Saturday, February 28, 2004

Kill Christ: Vol. 1.

I haven't yet seen The Passion of the Christ, Mel Gibson's blood-splattered interpretation/interpolation of the Gospels, but from the reviews I've read so far I doubt that I ever will. When I had first heard about the film, I must admit that I was very excited - a no-nonsense retelling of the betrayal, trial, and execution of Jesus, with dialogue in the original Aramaic and Latin, no less (why not Greek, though? Considering that Judea and the entire Near East had been thoroughly Hellenized over the three centuries before the Romans came, I would imagine that you'd be much more likely to hear Greek than Latin or even Aramaic on a daily basis, especially in the cities. Of course Mel - a conservative, pre-Vatican 2 Catholic - would want to have the Latin in there, even if it shouldn't be, but as it turns out this is the least of the movie's problems). What I guess I wasn't expecting was what the blogosphere has dubbed the Jesus Chainsaw Massacre, a kind of postmodern Passion play that is viscerally overpowering but virtually devoid of intellectual or spiritual substance, with some gratuitous Jew-baiting thrown in for good measure. "It's like the last ten minutes of Braveheart, only longer. And with Jesus!" Bravo, Mel.

That children are being taken to this movie in order to provide them with some kind of devotional experience - witness the 1400 parochial students from Long Island who lugged wooden crosses through the streets before seeing the film on Ash Wednesday - makes me hopping mad. It's a movie, folks, not a Holy Sacrament. If you want to have a direct experience of the Gospels, why not try reading the freaking Gospels? Don't pretend that a Hollywood blockbuster is an acceptable substitute for the owner's manual of your religion just because it's soaking in buckets of Jesus' (fake) blood and you're too lazy to read. Christianity at its best is literate and scholarly, unafraid to question even its most basic points of dogma in the search for a truth that is lasting and transcendent; at its worst, however, it is an undigested bolus of received superstition, authoritarian fiats, and logical contradictions that brooks no quarter for freethinkers or alternate points of view. The reactionary zeal that fuels The Passion and the conservatives it was made for comes straight from the black heart of that latter camp of Christ's so-called followers, the ones who would turn our nation into a theocratic state in order to save us from our wickedness. They're the ones who've decided to frame the post-9/11 world as a war of "Good" versus "Evil", as if gearing up for a final showdown with Antichrist himself at the Battle of Armageddon.
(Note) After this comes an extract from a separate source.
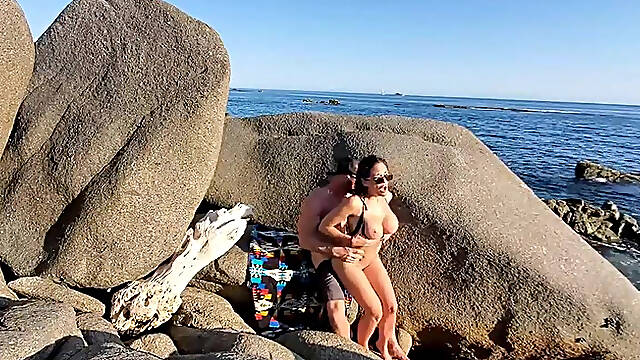 Sexe genial a la plage avec une femme superbe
Maybe they're right - maybe it is time for a showdown. Only I would define "Good" as being freedom of speech, freedom of movement, freedom of choice, freedom of religion, freedom from any form of physical or mental tyranny as embodied by the Taliban-like movements of intolerance that now dominate the discourse of Judaism, Christianity, and Islam. "Good" are the mayors of San Francisco and New Palz, New York who have affirmed that civil rights - including the right to celebrate one's love in the public eye - are a more sacred institution than what fear and hate-mongering ideologues imagine marriage to be. "Good" is the struggle against barbarism, whether it appears in the mountainoius badlands between Afghanistan and Pakistan, or the lonely plains of Laramie, Wyoming. "Good" is the idea that justice is not merely the interest of the stronger, as that old Greek Thrasymachus averred, even if in fact it actually is (especially if it is, I say!). This is a "Good" that is worth fighting for. This is the "Good" I always imagined my country to be the embodiment of, until it was hijacked by fear and hatred three years ago. But you can't stay afraid forever, and in the long run love is much stronger a force in this world than hate.

Even Jesus knew that - the real one, not Braveheart.